Home » Email » SpamAssassin Page 3

SpamAssassin on mail.pa.msu.edu

Part 3: SpamAssassin's "learning" feature


  1. SpamAssassin "learning" overview

    The SpamAssassin software performs an analysis of patterns within each incoming E-mail message, enters pertinent information into a database, and compares it to your previously received messages' patterns.

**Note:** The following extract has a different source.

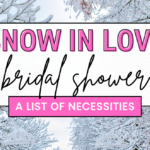 31 Cozy Things For Your Snow In Love Bridal Shower 2024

    This incorporates "learning" behavior (also referred to as Bayesian analysis) and acts upon it, based on the particular spam messages received by each individual user. This analysis yields a final probability number based on how similar the message is to messages in the database previously called spam, and how similar it is to messages in the database previously identified as "not spam" (or "ham"). If the database of previously identified messages is large enough (over 200 each of spam and non-spam), this probability will be assigned a score to be added to or subtracted from the total score, influencing whether or not the message ultimately is labelled spam or non-spam.

  2. Auto-learn feature

    If a message scores high enough in each of a number of categories of SpamAssassin test, in addition to receiving its score (which generally will classify it as "spam"), it will qualify for the "autolearn=spam" classification (and it will end up in the user's IN.spam folder). Its entry in the database will be associated with spam.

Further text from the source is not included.